Records from a data collection
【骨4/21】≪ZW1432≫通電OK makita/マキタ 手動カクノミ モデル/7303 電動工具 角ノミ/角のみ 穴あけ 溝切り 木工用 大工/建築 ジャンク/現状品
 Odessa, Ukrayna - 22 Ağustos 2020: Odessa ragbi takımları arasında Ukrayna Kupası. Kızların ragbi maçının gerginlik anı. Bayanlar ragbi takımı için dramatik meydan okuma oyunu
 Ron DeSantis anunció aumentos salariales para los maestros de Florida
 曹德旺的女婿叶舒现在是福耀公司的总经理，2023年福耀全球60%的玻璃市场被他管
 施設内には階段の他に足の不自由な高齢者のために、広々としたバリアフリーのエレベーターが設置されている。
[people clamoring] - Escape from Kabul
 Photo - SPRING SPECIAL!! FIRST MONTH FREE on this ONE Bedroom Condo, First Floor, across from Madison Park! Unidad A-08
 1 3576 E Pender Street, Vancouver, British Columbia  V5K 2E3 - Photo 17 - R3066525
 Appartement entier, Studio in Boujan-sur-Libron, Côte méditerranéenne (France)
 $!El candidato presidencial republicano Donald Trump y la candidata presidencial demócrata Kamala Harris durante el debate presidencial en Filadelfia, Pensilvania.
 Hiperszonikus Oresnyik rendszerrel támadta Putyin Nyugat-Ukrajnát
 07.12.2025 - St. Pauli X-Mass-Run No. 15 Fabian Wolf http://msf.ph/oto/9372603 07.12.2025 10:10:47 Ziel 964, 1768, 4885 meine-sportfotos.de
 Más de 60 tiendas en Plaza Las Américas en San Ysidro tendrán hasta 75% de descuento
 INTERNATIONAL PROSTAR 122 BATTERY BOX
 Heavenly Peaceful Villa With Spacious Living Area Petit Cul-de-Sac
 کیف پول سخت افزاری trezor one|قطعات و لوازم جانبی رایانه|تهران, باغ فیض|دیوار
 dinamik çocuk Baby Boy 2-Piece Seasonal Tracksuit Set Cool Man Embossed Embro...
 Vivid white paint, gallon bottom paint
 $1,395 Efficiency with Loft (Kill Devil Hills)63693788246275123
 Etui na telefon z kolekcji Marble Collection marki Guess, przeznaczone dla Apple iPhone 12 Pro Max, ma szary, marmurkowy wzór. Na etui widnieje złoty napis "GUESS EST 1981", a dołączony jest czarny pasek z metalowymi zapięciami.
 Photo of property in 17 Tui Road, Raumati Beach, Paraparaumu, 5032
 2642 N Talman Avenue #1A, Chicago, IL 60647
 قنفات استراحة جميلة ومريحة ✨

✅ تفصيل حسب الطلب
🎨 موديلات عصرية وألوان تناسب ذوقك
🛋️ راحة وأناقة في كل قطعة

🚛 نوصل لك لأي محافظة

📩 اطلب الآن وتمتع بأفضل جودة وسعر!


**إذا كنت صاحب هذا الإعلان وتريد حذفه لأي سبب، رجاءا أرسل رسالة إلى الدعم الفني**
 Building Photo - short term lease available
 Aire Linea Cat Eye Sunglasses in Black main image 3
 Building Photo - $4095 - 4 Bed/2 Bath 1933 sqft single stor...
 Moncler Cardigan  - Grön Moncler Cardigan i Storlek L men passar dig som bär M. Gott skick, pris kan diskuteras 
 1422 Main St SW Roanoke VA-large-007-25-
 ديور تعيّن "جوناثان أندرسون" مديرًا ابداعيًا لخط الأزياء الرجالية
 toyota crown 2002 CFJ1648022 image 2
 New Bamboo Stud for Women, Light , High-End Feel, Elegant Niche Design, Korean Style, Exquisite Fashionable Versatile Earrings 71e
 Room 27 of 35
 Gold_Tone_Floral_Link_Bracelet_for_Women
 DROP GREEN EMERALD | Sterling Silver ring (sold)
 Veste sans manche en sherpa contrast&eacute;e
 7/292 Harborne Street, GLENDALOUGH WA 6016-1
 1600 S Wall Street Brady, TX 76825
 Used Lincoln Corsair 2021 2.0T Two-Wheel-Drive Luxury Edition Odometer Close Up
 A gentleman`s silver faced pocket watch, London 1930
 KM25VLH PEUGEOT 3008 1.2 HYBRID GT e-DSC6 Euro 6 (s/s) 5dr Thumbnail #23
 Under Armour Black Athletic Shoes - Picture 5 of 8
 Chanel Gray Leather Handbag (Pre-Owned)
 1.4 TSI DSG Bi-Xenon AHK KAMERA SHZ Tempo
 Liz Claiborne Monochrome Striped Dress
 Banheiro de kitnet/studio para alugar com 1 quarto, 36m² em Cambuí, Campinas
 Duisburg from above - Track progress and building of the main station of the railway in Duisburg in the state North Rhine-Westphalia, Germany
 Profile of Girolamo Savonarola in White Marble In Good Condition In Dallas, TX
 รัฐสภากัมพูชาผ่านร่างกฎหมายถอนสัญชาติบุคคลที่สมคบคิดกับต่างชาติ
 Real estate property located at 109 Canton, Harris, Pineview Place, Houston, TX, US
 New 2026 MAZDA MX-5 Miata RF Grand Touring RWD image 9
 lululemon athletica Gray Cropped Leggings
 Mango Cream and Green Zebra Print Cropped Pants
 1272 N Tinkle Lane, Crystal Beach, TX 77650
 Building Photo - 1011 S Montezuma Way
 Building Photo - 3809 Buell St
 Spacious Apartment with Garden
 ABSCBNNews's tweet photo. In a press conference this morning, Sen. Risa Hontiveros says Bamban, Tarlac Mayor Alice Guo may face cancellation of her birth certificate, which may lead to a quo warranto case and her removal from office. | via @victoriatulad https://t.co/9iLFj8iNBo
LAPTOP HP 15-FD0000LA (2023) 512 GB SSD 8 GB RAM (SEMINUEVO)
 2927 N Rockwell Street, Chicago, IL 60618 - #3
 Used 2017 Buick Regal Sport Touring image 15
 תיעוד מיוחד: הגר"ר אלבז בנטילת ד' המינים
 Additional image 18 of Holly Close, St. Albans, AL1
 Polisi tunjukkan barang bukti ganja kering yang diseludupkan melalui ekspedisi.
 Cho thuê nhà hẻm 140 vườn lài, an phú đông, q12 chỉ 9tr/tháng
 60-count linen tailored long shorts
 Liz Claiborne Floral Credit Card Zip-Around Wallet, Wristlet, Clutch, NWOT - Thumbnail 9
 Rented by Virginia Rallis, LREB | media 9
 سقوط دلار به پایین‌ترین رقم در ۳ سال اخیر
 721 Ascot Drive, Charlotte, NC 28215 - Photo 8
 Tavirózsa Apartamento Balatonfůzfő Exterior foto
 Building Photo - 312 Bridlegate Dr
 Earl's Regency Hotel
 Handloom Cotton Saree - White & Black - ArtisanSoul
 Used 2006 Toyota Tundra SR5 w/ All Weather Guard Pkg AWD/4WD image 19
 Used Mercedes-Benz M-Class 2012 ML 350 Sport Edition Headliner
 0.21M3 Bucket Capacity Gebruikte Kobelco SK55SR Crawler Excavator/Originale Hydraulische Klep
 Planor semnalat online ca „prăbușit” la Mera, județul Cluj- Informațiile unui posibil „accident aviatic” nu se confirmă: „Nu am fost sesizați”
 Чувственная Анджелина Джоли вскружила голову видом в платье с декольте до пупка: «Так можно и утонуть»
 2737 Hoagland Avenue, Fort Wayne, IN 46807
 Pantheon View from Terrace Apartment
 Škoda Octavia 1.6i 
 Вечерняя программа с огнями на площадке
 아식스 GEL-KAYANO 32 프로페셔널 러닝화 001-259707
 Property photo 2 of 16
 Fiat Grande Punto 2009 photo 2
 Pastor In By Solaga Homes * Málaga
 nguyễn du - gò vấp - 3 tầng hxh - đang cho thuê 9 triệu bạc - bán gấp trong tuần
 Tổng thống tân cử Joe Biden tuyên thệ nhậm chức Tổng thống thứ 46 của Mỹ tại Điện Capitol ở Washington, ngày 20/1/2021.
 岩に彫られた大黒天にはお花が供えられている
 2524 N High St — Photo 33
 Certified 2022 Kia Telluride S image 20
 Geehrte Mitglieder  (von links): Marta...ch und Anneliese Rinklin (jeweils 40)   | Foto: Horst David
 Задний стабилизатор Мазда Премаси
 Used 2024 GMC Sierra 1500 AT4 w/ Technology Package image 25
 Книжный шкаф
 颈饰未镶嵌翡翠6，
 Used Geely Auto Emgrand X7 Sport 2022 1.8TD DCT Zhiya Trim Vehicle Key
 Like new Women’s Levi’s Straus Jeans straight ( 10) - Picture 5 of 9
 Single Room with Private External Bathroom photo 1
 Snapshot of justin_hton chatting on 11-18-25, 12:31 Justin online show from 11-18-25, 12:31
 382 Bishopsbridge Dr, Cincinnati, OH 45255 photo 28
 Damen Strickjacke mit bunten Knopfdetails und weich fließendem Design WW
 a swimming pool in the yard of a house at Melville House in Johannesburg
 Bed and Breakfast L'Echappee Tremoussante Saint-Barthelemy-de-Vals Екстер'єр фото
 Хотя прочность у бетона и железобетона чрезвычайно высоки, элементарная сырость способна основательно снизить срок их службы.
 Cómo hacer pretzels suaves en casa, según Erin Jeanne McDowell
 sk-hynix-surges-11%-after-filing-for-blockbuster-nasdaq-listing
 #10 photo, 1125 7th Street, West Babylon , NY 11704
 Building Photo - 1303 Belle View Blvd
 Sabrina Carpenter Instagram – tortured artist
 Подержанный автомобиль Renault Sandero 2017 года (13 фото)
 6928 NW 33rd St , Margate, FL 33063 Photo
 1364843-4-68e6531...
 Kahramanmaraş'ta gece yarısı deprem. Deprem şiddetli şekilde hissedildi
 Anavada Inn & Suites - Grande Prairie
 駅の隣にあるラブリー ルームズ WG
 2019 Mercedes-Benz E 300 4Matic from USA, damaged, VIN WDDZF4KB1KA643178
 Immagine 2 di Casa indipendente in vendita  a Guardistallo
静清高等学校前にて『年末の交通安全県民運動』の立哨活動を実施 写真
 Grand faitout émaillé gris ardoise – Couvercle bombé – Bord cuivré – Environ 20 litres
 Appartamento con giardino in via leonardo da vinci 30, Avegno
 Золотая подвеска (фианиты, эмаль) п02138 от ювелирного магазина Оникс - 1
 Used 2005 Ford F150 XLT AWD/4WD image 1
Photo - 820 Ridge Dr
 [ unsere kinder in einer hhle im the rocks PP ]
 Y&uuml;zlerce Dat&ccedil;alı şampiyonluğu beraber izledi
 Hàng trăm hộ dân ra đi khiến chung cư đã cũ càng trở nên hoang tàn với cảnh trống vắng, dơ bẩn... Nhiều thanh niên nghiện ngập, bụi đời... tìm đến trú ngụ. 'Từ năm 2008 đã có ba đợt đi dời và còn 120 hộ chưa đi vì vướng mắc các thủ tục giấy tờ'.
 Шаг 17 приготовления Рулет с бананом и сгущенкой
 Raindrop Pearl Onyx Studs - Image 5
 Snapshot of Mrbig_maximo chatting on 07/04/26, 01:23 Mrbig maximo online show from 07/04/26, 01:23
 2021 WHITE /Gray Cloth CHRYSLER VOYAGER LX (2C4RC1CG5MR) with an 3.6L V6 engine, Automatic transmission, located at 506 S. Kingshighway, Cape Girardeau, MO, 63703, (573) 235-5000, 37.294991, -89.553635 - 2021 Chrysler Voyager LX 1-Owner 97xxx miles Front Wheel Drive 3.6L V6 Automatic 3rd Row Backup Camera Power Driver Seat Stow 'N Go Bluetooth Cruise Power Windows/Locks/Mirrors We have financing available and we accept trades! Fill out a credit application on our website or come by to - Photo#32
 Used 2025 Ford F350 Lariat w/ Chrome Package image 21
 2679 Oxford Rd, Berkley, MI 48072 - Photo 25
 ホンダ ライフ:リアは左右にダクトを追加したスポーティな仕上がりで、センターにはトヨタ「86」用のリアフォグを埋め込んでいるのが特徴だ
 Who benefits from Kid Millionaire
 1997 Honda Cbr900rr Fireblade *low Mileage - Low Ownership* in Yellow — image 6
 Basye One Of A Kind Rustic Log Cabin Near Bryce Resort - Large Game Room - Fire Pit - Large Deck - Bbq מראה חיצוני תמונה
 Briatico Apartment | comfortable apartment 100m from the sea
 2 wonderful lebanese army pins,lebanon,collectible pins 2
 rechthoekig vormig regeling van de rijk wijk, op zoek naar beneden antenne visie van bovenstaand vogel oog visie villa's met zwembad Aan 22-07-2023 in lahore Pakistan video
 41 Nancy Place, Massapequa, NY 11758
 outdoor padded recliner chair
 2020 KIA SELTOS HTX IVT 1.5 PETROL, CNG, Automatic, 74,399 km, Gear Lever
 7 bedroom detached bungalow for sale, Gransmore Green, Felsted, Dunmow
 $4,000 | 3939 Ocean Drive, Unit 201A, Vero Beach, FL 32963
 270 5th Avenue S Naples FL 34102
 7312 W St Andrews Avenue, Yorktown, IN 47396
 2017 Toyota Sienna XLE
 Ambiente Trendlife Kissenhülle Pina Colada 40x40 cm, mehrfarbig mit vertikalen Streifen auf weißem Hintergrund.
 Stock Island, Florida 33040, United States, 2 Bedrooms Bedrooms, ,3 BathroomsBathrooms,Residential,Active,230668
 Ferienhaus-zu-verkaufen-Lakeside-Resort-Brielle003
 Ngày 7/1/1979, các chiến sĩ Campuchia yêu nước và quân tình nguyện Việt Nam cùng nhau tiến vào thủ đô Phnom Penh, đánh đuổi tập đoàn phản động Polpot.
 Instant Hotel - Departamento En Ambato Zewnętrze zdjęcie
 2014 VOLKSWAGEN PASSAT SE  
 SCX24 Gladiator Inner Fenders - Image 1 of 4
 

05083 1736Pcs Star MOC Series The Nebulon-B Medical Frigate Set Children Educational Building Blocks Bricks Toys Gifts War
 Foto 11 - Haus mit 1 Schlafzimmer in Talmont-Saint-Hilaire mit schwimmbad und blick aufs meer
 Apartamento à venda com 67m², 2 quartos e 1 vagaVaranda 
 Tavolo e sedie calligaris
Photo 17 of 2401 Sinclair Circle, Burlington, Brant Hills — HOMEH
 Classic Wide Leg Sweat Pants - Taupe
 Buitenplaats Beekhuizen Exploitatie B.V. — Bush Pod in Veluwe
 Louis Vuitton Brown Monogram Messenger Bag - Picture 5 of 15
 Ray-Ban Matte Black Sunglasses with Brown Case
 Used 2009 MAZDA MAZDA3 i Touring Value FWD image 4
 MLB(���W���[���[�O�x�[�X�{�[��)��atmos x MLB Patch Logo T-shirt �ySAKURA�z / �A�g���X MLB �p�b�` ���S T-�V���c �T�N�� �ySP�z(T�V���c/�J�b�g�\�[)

▶ Work to complete
List each line of the entries that holds the string "Benz".

▶ Task output
 Used Mercedes-Benz M-Class 2012 ML 350 Sport Edition Headliner
 2019 Mercedes-Benz E 300 4Matic from USA, damaged, VIN WDDZF4KB1KA643178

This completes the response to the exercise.